Intro to Gender Studies

This course is designed to introduce students to social, cultural, historical, and political perspectives on gender and its construction. Through discussion and writing, we will explore the intersections among gender, race, class, and sexuality in multiple settings and contexts. Taking an interdisciplinary approach to a variety of questions, we will consider the distinctions between sex and gender, women's economic status, the making of masculinity, sexual violence, queer movements, racism, and the challenges of feminist activism across nations, and possibilities for change.

Research Methods

Topics include research design, ethical dilemmas, and the relationship between academic research and community based learning. Applied fieldwork and presentations are an integral part of this course.

Late Victorian London

In the summer and fall of 1888, a series of gruesome murders captured the attention of Londoners and brought questions of class, gender, race and social-economic change to the forefront of public debate. Though the culprit was never identified, Jack the Ripper became synonymous with the perceived dangers of late-Victorian London.

Awakenings

An exploration of writing, primarily fiction, by U.S. women from around 1900 to now, focusing on the theme of awakenings. We will examine how women writers represent political awakenings, transformations of physical embodiment and psychological consciousness, and discoveries of new literary forms. We will read a diverse group of writers and and foreground interpretive frameworks of race, gender, and sexuality. Authors may include Bechdel, Chang, Chopin, Cisneros, Davis, Dunbar-Nelson, Egan, Far, Gilman, Hurston, Larsen, McCullers, Morrison, Stein, Truong, Wharton, and Yamamoto.

The Work of Translation

Mount Holyoke's mission is "purposeful engagement in the world" but in a multilingual world, our goal can only be achieved with the help of translators and interpreters. As the U.S. Bureau of Labor Statistics predicts a 46% increase in translation work 2012-2022, this course will consider tranlastion as a scholarly, professional and lay activity. Challenging stereotypes of translation as derivative or faulty, we reflect on the wealth of languages and cultures at Mount Holyoke College and how the curriculum depends on the work of translation.

Self-Portraiture

How do we represent ourselves? How can the self -- that is to say, subjective experience, private life, identity, consciousness -- be translated into written form? How, in turn, does writing fashion and construct the self? Throughout history, authors and thinkers have engaged these questions in countless texts and textual forms -- in essays, confessions, autobiographies, and poetry. This seminar will sample influential and innovative works of literary self-portrayal from around the world, exploring how a wide variety of writers have rendered themselves in language, narrative, and text.

Performing the Self

How do we represent ourselves as we document our lives and communicate with others? In this seminar we will move beyond critiques of selfie culture, instead analyzing self-representation as an important avenue for forming identities. We will study forms of self-representation across history and will focus on visual and new media as platforms for performing selfhood. Students will discuss the politics and aesthetics of self-fashioning across these media forms, and will execute multiple forms of self-expression, including the argumentative essay, the op-ed, the blog post, and the tweet.
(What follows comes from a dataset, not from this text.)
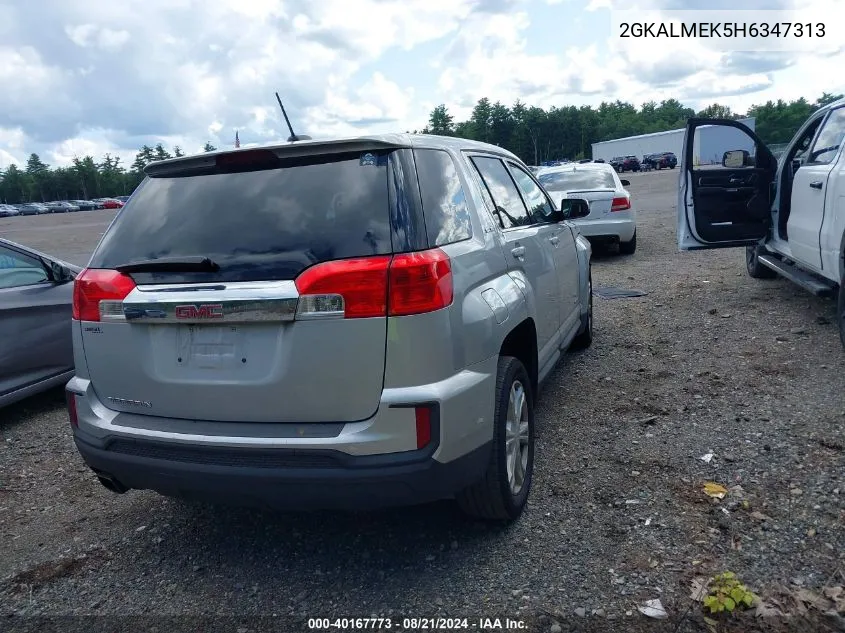 2GKALMEK5H6347313 2017 GMC Terrain Sle-1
The Politics of Disruption

Uber, Twitter, Facebook, Google -- smart technologies have transformed our world, disrupting old patterns of life, communication, work, and politics. As new technologies push us into an uncertain future, thinking critically about the positive and the negative effects of disruption has never been more important.

Op-Ed: Politics/Culture/Arts

We will read and discuss current writing on politics, culture and the arts. Drawn from a variety of print and online sources (including The New Yorker, Arts and Letters Daily, and Bomb), subjects will range from literature, cinema, and art to international politics, crime, and celebrity culture. Using strategies and techniques learned from the readings, students will write essays and articles of their own.

Women&Music:SoundingCommunity

This course surveys music in a range of women's, and womxn's, communities and ensembles--from medieval convents and "all-girl" swing bands to Cuba's Ibbu Okun and the Transcendence Gospel Choir. While the focus will be on Western art music, we will also encounter music from Afghanistan and the First Nations, working songs and playground songs, and rock/pop groups and DJ collectives. Performers will visit the class, and we will learn about the history of music ensembles at Mount Holyoke College.